** ENTRIES PROVIDED follows **

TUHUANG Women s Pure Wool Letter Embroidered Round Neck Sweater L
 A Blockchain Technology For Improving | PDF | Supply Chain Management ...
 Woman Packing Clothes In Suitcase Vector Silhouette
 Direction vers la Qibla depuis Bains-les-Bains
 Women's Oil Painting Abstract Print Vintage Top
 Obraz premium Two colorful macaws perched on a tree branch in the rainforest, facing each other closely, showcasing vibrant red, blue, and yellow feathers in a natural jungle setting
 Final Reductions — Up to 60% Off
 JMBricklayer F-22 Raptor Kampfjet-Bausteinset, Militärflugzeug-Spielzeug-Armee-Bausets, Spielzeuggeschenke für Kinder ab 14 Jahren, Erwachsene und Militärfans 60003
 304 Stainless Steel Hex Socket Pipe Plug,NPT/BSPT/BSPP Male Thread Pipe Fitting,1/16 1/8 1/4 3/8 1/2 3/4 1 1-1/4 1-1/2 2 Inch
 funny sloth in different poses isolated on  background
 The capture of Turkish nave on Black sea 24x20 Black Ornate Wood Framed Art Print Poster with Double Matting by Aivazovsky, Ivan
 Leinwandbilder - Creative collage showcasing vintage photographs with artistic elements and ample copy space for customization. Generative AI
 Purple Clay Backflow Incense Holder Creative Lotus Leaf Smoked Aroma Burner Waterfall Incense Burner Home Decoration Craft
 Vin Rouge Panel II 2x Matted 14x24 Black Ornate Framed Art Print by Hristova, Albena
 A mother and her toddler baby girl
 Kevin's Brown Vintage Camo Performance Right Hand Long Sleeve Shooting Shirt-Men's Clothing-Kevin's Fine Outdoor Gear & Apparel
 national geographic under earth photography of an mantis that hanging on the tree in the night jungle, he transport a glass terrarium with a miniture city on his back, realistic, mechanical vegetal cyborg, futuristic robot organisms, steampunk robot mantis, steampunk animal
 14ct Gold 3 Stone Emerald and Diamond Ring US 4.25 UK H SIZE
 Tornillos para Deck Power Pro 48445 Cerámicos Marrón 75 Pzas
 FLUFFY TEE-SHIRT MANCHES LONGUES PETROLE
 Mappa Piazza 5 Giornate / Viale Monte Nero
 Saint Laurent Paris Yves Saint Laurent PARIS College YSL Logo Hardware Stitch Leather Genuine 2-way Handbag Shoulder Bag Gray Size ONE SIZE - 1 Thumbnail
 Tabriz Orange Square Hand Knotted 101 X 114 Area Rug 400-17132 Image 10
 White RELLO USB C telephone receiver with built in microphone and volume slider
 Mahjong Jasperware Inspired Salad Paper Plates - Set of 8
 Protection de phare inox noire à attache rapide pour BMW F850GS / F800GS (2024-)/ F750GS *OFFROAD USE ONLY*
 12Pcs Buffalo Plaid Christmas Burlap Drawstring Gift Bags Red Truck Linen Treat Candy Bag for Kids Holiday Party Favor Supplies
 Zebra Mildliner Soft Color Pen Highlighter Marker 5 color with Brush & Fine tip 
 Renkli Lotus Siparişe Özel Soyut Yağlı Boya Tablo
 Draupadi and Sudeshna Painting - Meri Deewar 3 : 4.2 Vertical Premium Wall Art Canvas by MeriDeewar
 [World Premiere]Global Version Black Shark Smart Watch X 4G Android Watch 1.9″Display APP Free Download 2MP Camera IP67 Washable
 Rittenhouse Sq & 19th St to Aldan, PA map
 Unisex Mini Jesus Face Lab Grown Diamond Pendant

** End of ENTRIES PROVIDED **

WORK ORDER:
Set down the whole of the data, exactly as it stands.

THE ANSWER:
TUHUANG Women s Pure Wool Letter Embroidered Round Neck Sweater L
 A Blockchain Technology For Improving | PDF | Supply Chain Management ...
 Woman Packing Clothes In Suitcase Vector Silhouette
 Direction vers la Qibla depuis Bains-les-Bains
 Women's Oil Painting Abstract Print Vintage Top
 Obraz premium Two colorful macaws perched on a tree branch in the rainforest, facing each other closely, showcasing vibrant red, blue, and yellow feathers in a natural jungle setting
 Final Reductions — Up to 60% Off
 JMBricklayer F-22 Raptor Kampfjet-Bausteinset, Militärflugzeug-Spielzeug-Armee-Bausets, Spielzeuggeschenke für Kinder ab 14 Jahren, Erwachsene und Militärfans 60003
 304 Stainless Steel Hex Socket Pipe Plug,NPT/BSPT/BSPP Male Thread Pipe Fitting,1/16 1/8 1/4 3/8 1/2 3/4 1 1-1/4 1-1/2 2 Inch
 funny sloth in different poses isolated on  background
 The capture of Turkish nave on Black sea 24x20 Black Ornate Wood Framed Art Print Poster with Double Matting by Aivazovsky, Ivan
 Leinwandbilder - Creative collage showcasing vintage photographs with artistic elements and ample copy space for customization. Generative AI
 Purple Clay Backflow Incense Holder Creative Lotus Leaf Smoked Aroma Burner Waterfall Incense Burner Home Decoration Craft
 Vin Rouge Panel II 2x Matted 14x24 Black Ornate Framed Art Print by Hristova, Albena
 A mother and her toddler baby girl
 Kevin's Brown Vintage Camo Performance Right Hand Long Sleeve Shooting Shirt-Men's Clothing-Kevin's Fine Outdoor Gear & Apparel
 national geographic under earth photography of an mantis that hanging on the tree in the night jungle, he transport a glass terrarium with a miniture city on his back, realistic, mechanical vegetal cyborg, futuristic robot organisms, steampunk robot mantis, steampunk animal
 14ct Gold 3 Stone Emerald and Diamond Ring US 4.25 UK H SIZE
 Tornillos para Deck Power Pro 48445 Cerámicos Marrón 75 Pzas
 FLUFFY TEE-SHIRT MANCHES LONGUES PETROLE
 Mappa Piazza 5 Giornate / Viale Monte Nero
 Saint Laurent Paris Yves Saint Laurent PARIS College YSL Logo Hardware Stitch Leather Genuine 2-way Handbag Shoulder Bag Gray Size ONE SIZE - 1 Thumbnail
 Tabriz Orange Square Hand Knotted 101 X 114 Area Rug 400-17132 Image 10
 White RELLO USB C telephone receiver with built in microphone and volume slider
 Mahjong Jasperware Inspired Salad Paper Plates - Set of 8
 Protection de phare inox noire à attache rapide pour BMW F850GS / F800GS (2024-)/ F750GS *OFFROAD USE ONLY*
 12Pcs Buffalo Plaid Christmas Burlap Drawstring Gift Bags Red Truck Linen Treat Candy Bag for Kids Holiday Party Favor Supplies
 Zebra Mildliner Soft Color Pen Highlighter Marker 5 color with Brush & Fine tip 
 Renkli Lotus Siparişe Özel Soyut Yağlı Boya Tablo
 Draupadi and Sudeshna Painting - Meri Deewar 3 : 4.2 Vertical Premium Wall Art Canvas by MeriDeewar
 [World Premiere]Global Version Black Shark Smart Watch X 4G Android Watch 1.9″Display APP Free Download 2MP Camera IP67 Washable
 Rittenhouse Sq & 19th St to Aldan, PA map
 Unisex Mini Jesus Face Lab Grown Diamond Pendant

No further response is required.